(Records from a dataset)
● ● ● ● ●

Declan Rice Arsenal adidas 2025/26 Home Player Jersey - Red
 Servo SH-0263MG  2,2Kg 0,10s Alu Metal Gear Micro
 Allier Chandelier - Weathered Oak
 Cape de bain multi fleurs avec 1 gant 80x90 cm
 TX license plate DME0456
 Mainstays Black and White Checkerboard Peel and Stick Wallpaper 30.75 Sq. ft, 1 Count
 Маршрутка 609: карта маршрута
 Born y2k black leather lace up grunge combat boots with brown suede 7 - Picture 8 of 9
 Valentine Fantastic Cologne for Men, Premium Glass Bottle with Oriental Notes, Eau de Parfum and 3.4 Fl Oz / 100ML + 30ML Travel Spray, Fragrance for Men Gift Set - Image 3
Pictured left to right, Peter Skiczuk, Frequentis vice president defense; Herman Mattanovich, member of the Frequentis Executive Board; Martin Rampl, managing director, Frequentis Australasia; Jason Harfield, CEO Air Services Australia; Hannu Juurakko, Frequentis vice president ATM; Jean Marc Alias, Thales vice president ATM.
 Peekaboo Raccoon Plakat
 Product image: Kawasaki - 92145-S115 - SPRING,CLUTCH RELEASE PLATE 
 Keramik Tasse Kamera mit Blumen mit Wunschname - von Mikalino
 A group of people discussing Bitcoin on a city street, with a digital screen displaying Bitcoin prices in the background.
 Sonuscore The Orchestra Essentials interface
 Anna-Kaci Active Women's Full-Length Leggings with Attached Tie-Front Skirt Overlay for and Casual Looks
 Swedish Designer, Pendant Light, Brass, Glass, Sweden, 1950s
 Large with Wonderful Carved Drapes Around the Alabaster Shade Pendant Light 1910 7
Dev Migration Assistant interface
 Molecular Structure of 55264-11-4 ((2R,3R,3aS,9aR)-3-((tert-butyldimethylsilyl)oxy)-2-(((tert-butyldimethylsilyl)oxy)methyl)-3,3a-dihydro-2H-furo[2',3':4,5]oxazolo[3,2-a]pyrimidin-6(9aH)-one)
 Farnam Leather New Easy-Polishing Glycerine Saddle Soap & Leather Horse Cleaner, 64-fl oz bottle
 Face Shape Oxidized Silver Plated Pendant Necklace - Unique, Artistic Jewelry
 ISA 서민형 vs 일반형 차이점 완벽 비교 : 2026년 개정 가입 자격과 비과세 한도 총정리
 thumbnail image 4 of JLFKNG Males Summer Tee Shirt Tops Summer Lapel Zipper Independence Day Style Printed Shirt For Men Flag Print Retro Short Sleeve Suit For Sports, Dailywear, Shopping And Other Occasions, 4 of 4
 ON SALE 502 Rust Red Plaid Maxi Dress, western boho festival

● ● ● ● ●

Note each line above that holds "interface", then copy all of them.

EXERCISE ANSWER ▸
 Sonuscore The Orchestra Essentials interface
Dev Migration Assistant interface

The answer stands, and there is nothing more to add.